For this second concert in their Wigmore Hall residency, Giddens and long-time musical partner Turrisi asked a question: what might our version of a recital look like? The answer was an eclectic fusion with folk, opera, jazz, pop and classical elements all adding their accent to a traditional voice and piano concert – a performance “honouring composers who don’t often get called composers”.

We moved from 1930s Harlem to 1960s Italy via Gaelic lullabies, original songs, even arias. A diffident presence on stage, her tension ricocheting off Turrisi’s fluid, conversational ease, Giddens is the ultimate performer – reinventing herself with each song.

She drew on a deep well of pain for Isolina Carrillo’s Dos Gardenias, tone scratched and pitted like an old record, before wiping it clean with the trickling purity of The Trees on the Mountains from Carlisle Floyd’s era-defining 1950s American opera Susannah – reclaimed as the Appalachian folk ballad it never really was. Ethel Waters’ politically charged version of Underneath the Harlem Moon saw Giddens push her mic stand aside, her body contorting, her voice now gnarly as if steeped in whiskey and rage.
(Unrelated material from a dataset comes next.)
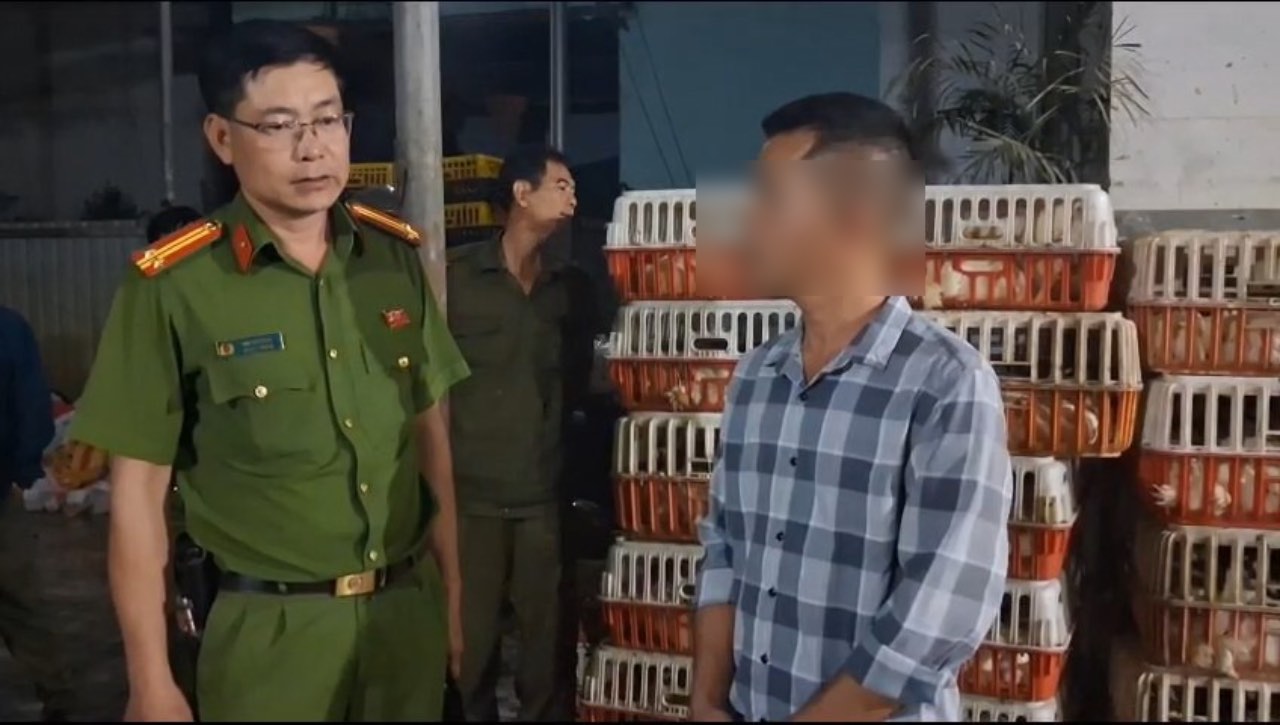 Công an phường Trung An làm việc cơ sở giết mổ động vật của ông Nguyễn Văn Phong. Ảnh: Công an tỉnh Đồng Tháp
Turrisi’s intelligent accompaniments drew his own musical strands – jazz and baroque music – into the picture. The co-written Non c’e Niente da Fare was a Purcell or Strozzi lament in contemporary clothes, while Bruno Martino’s Estate swapped bossa nova for echoes of Chopin’s Raindrop Prelude, the summer-sad narrator a cousin of Schubert’s Winterreise hero.

This was big, generous, provocative music-making on a small stage. Does the composer make the song or does the context? If it’s the audience who get to decide, then Giddens and Turrisi made their case: balladeers, anonymous authors and forgotten voices all taking their place alongside Beethoven and Bach at the Wigmore Hall.